One of the toughest areas that it can affect is one’s civilian career. As a military spouse, I’ve had disappointing encounters with potential employers. It’s easy to feel nervous to tell companies that you’re married to someone serving in the military. However, many times one’s resume tells the tale anyway. After finishing graduate school, I fielded a call from a potential employer. I was immediately asked, “are you a military spouse or something? I noticed that you’ve lived exclusively in military towns.” My heart sank. Despite graduating at the top of my class and doing everything that I could to stand out on my own volition, it was obvious.

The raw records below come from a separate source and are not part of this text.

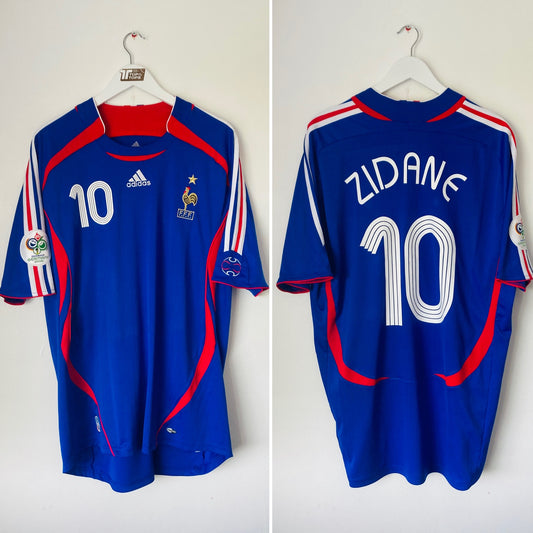France home football shirt
W/C 2006 Zidane XXL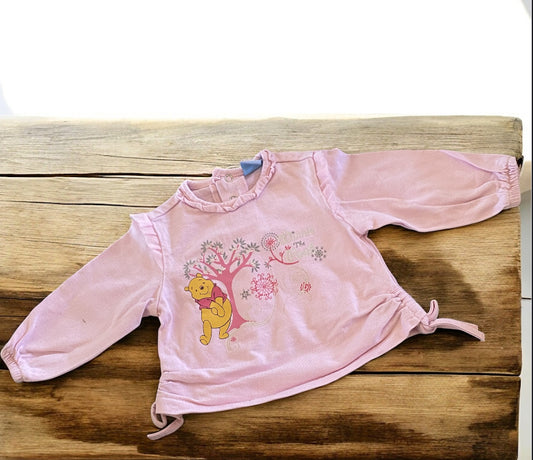 Pull Winnie l’ourson. 3 mois.
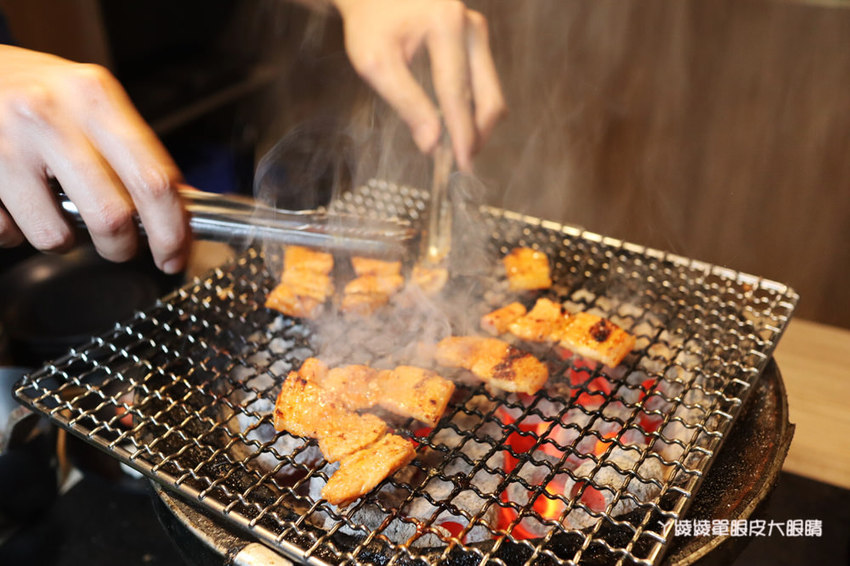 新竹燒烤吃到飽！愛烤愛對囉新竹店，新竹大遠百附近超狂海陸吃到飽！壽星生日優惠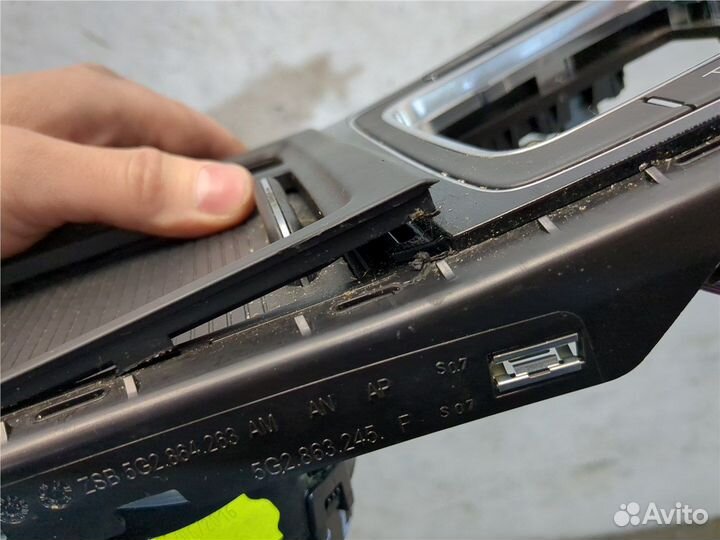 Консоль салона Volkswagen Golf 7, 2016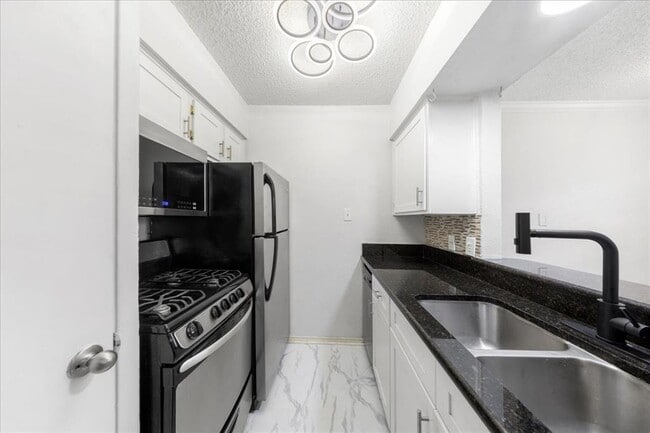 Building Photo - 2401 Manor Rd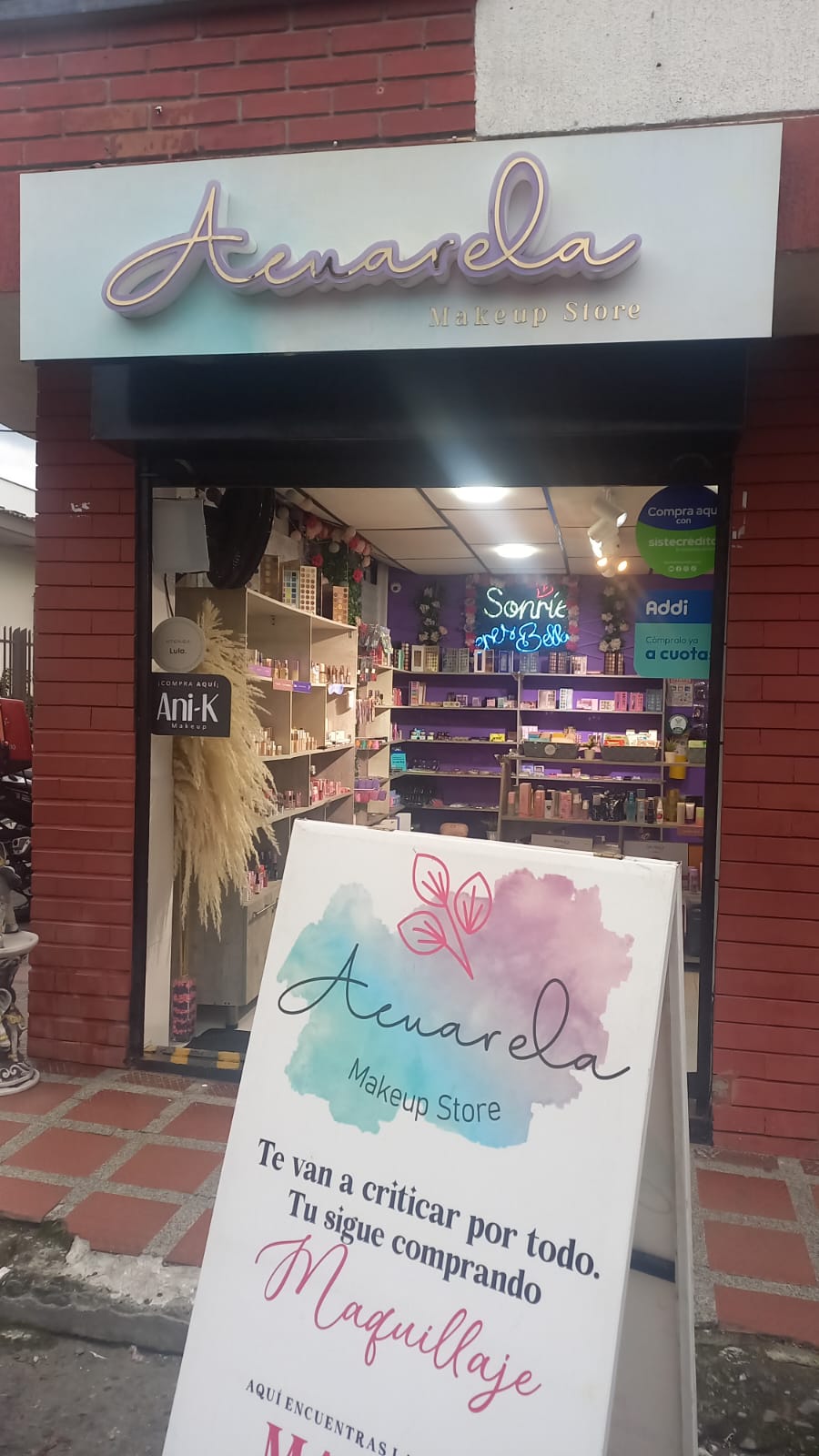 Acuarela Makeup Store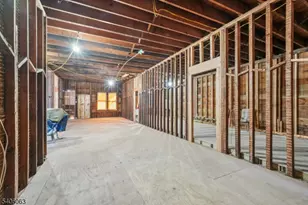 125 Madeline Ave, Clifton, NJ 07011 - Photo 35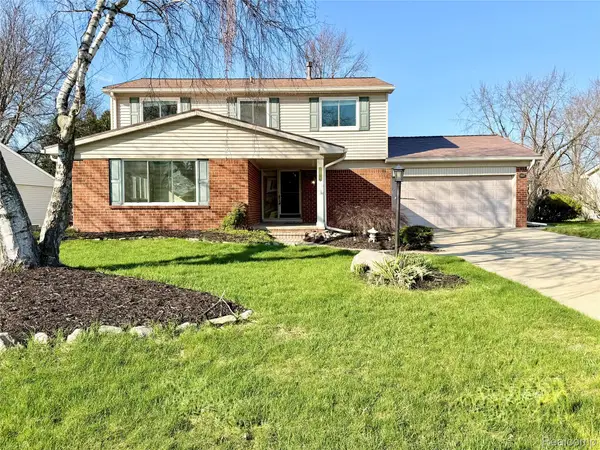 23053 Brookforest, Novi, MI 48375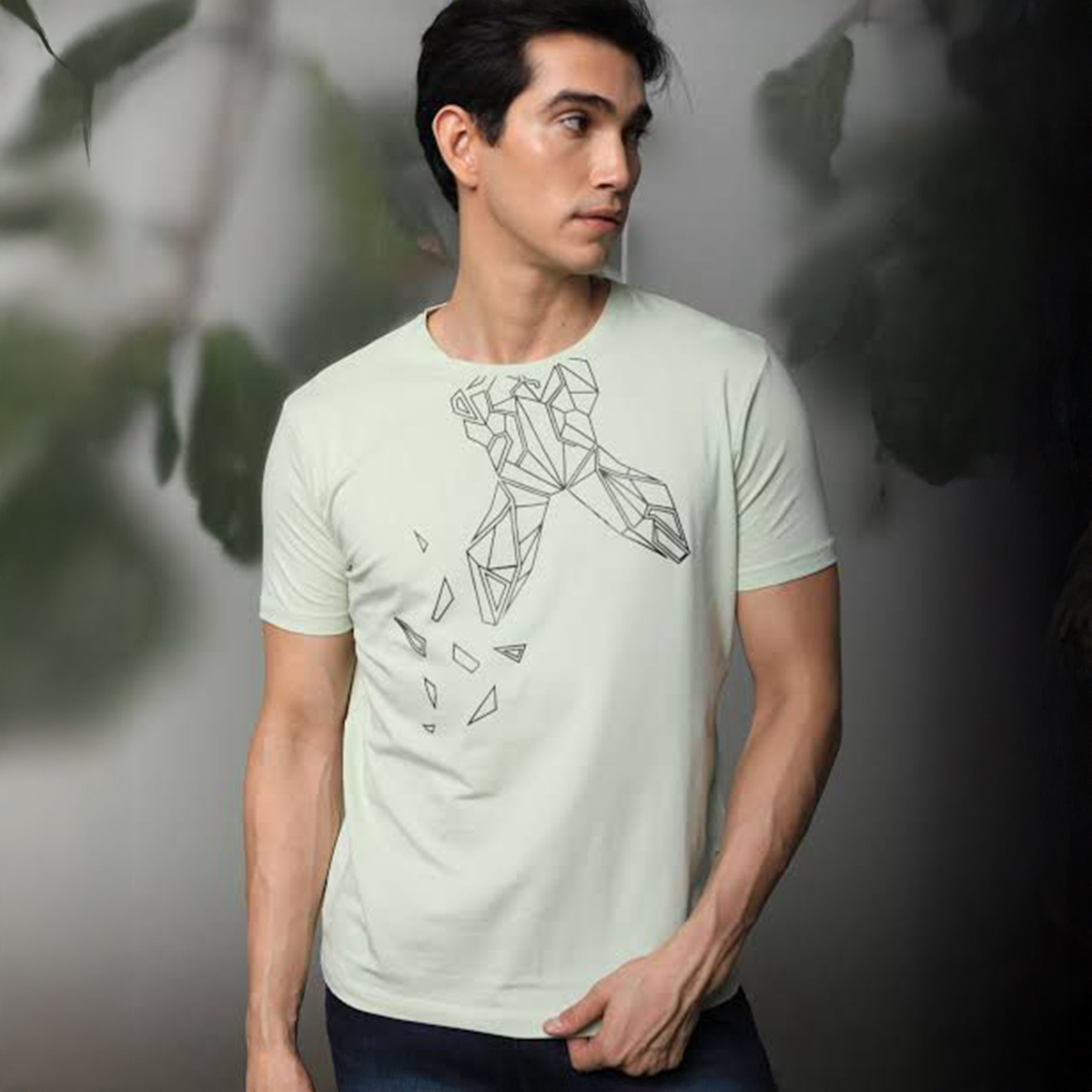 Round/V Neck - Image 2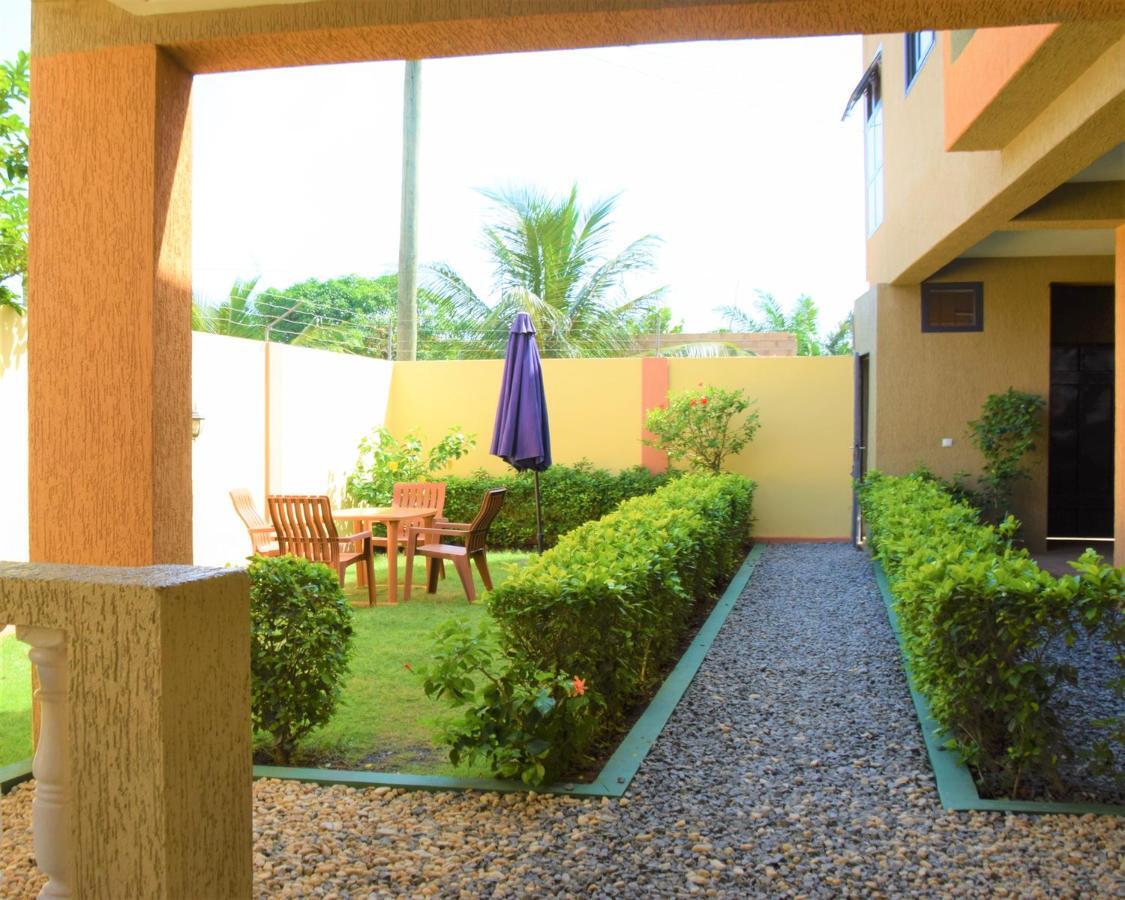 Villa Beach Avepozo Lome Exterior photo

Yes, I’m a military spouse. However, I’ve come to realize that fact is a strength, not a weakness. I’m proud to be a part of the military community. I’m proud of my husband’s accomplishments. I’m proud of myself.
To my fellow military spouses: You are stronger than most, more qualified than you feel, and an example of true dedication. I’m proud of you. I’m proud of the military community. I’m proud of the companies that consider military spouses to be ideal job candidates. The military spouses that I know inspire me to do more, be better, and work harder – even when the odds are stacked against us.
Take advantage of available educational and professional resources. Military OneSource has many avenues available to connect with companies that desire to employ military spouses and veterans. There are also many educational programs that can help you stand out among other applicants. I wrote a poem that outlines the struggles that we military spouses encounter in our job hunts. Know you’re not alone. Keep being true to yourself. Remember: Perceived weaknesses can be your greatest strengths.
“To Whom It May Concern”
By: Charlotte Graham Porter
I’m hardworking and educated. Take me seriously. Please.
One degree, two degrees, should I get three?
Pick me for the job. I’ll wow you, I promise.
We’re military spouses. Don’t cast doubt upon us.
I’m smart. I’m accomplished. Top grad in my class.
But when you detected my affiliation, you passed.
You saw my credentials. “Military spouse,” you presumed.
The places I’ve lived were my chance’s doom.
Military towns are where I’ve resided,
But I’ve done more than most in the time that I’ve bided.
I’m not defined by his job. But for it, I’m better.
I’m flexible, organized, many struggles I’ll weather.
Full-time worker, student, self-sufficient, ambitious.
My awards and my history, take note, they’re prestigious.
I’m a hard worker, I go above and beyond,
I’m self-reliant, ambitious, skillful, and strong.
I worked to be picked as the cream of the crop.
Despite my tireless efforts, you scoffed,
“She’ll move away in a blink, that’s a fact.”
You moved my name to the depths of the stack.
Yes. I married a sailor, I’ve moved all around.
But I’m also a scholar, my grit will astound.
Consider a person, aside from presumption.
Perhaps he or she has invaluable functions.